Slaves would never, ever have that opportunity

The son of a slave became a High Sherriff and moved in high society.

Whitewavemark2 Sun 08-Oct-23 21:16:29

Callistemon21

^Slaves would never, ever have that opportunity^

The son of a slave became a High Sherriff and moved in high society.

He must have gained his freedom. Of course there are exceptions, but that is not what is being discussed here.

Primrose53 Sun 08-Oct-23 22:05:59

I think it’s you M0nica who doesn’t get it. 😉

Callistemon21 Sun 08-Oct-23 23:47:47

Whitewavemark2

Callistemon21

Slaves would never, ever have that opportunity

The son of a slave became a High Sherriff and moved in high society.

He must have gained his freedom. Of course there are exceptions, but that is not what is being discussed here.

He was the son of a plantation owner but born a slave. His father favoured him and sent him to England to be educated.

Poor people, whilst not enslaved, were also trapped in their misery and indebtedness to their masters here in Britain.

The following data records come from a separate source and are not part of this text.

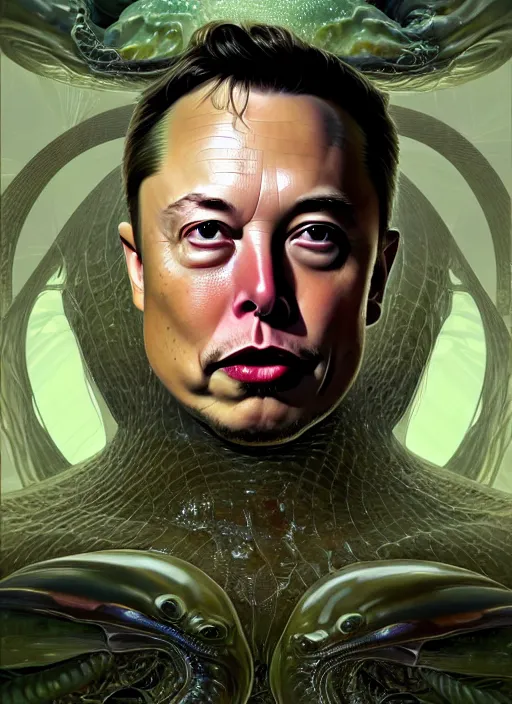 Image similar to elon musk as slimy mollusk character, drool, full length portrait, intricate, elegant, highly detailed, digital painting, artstation, concept art, wallpaper, smooth, sharp focus, illustration, art by h. r. giger and artgerm and greg rutkowski and alphonse mucha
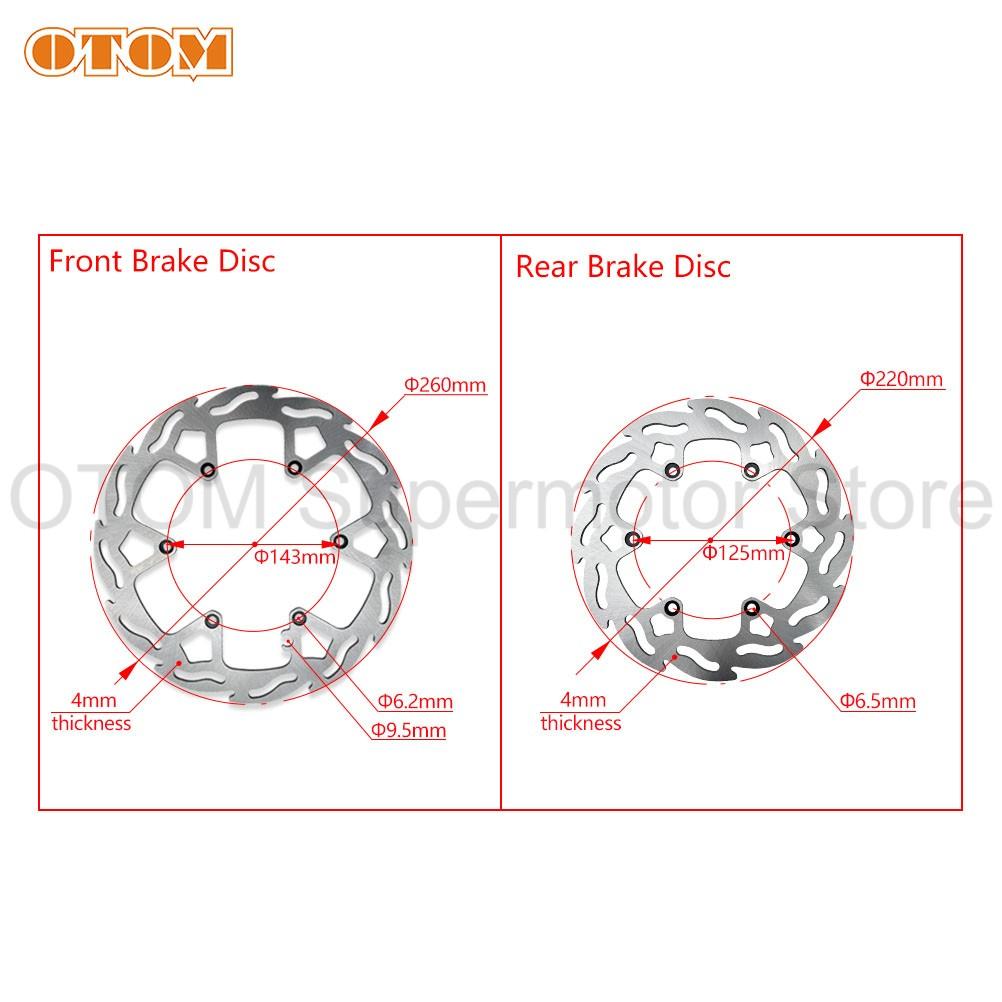 For KTM HUSQVARNA GASGAS Motorcycle Front 260mm Rear 220mm Brake Disc Rotor 6 Holes Steel Plate SX SXF XC XCF EXC EXCF XCW FC TE
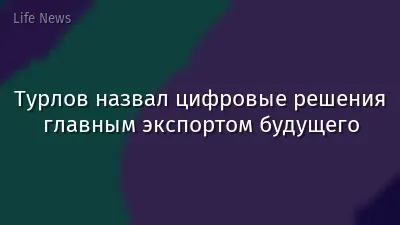 Турлов назвал цифровые решения главным экспортом будущего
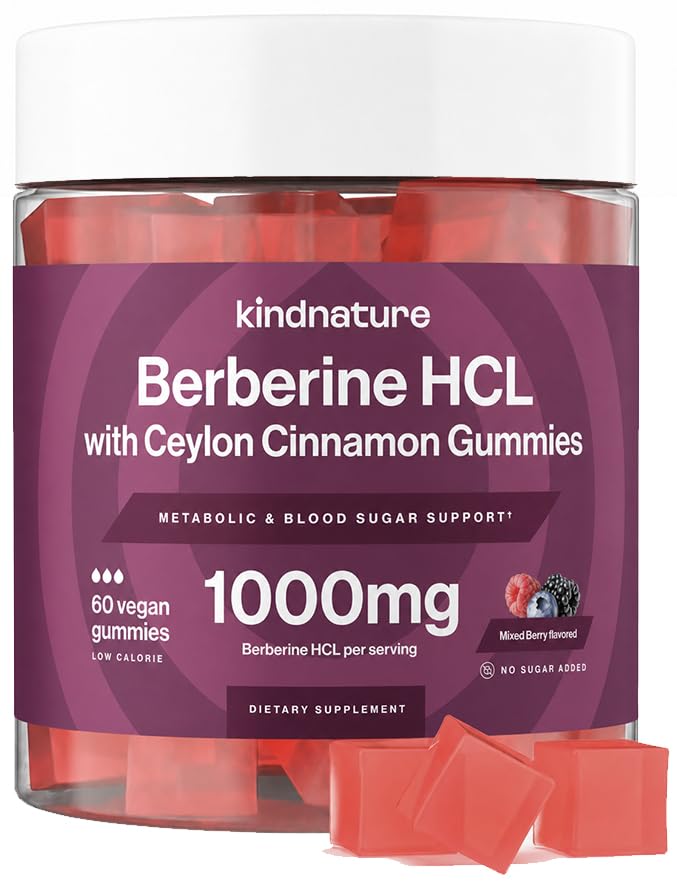 berberina gummies 1000mg con cannella Ceylon & Resveratrolo – Integratore vegano senza zucchero per il supporto dello zucchero nel sangue, Metabolismo, Cravings Wellness – Non-GMO, Senza glutine
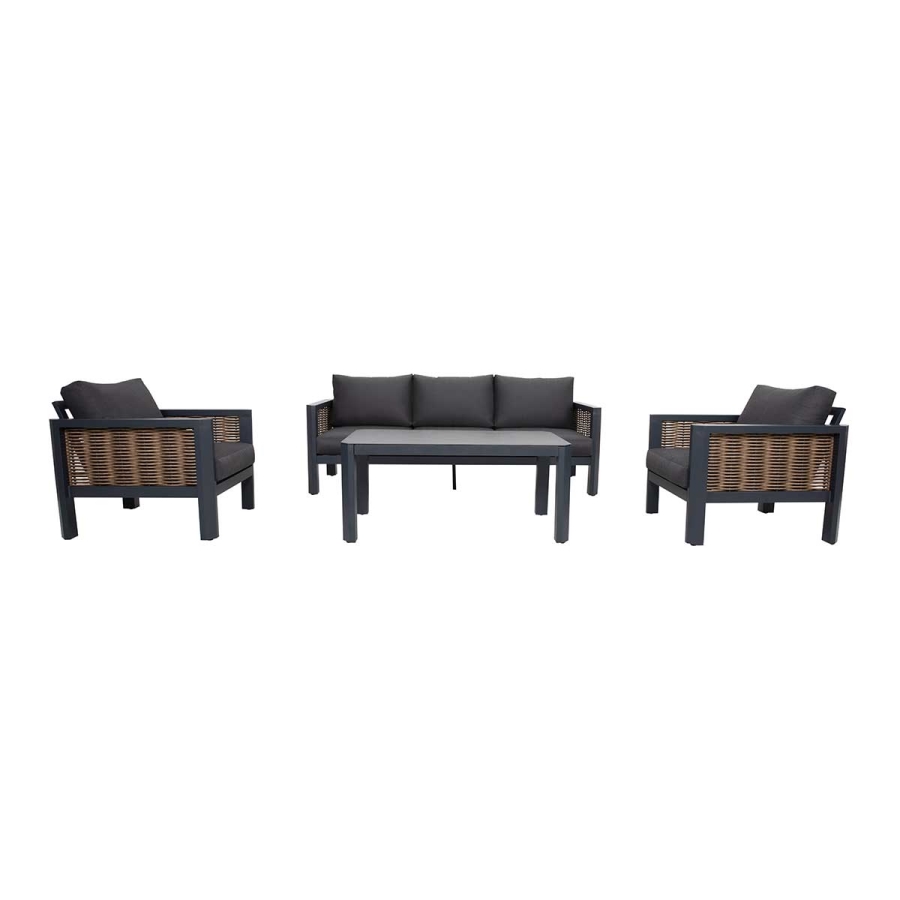 Hallie 4-Piece Aluminum & Wicker Sofa Set with Stationary Chairs_0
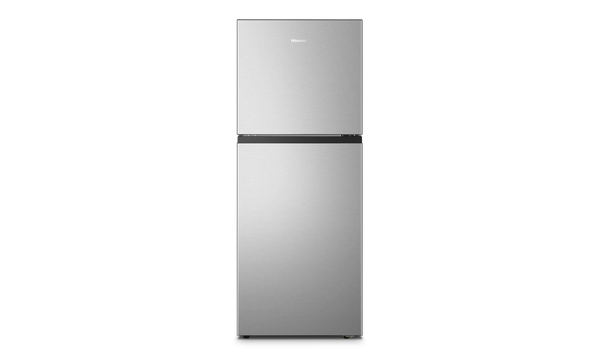 a hisense 205L stainless steel top mount fridge front view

Katie59 Mon 09-Oct-23 07:49:59

Almost all the great houses were built either directly or indirectly from the profits of slavery, many of the families are still prominent today, including my mothers family where the links are well documented.

Casdon Mon 09-Oct-23 08:22:42

Katie59 according to the National Trust themselves, it’s ‘up to a third’, not ‘most’.
www.bbc.co.uk/news/uk-england-leicestershire-54018340
The trouble with threads like this is that people do get carried away by the rhetoric.

Katie59 Mon 09-Oct-23 08:26:54

Casdon

Katie59 according to the National Trust themselves, it’s ‘up to a third’, not ‘most’.
www.bbc.co.uk/news/uk-england-leicestershire-54018340
The trouble with threads like this is that people do get carried away by the rhetoric.

Maybe a third of “all” properties, most of the great houses have slavery links.

Casdon Mon 09-Oct-23 08:33:04

Katie59

Casdon

Katie59 according to the National Trust themselves, it’s ‘up to a third’, not ‘most’.
www.bbc.co.uk/news/uk-england-leicestershire-54018340
The trouble with threads like this is that people do get carried away by the rhetoric.

Maybe a third of “all” properties, most of the great houses have slavery links.

It actually says in the article ‘The trust recently found that up to a third of its 300 UK houses have links to colonialism’.

Anniebach Mon 09-Oct-23 08:50:57

Little thatched cottages in the South Wales Valleys ? how picturesque but so not true.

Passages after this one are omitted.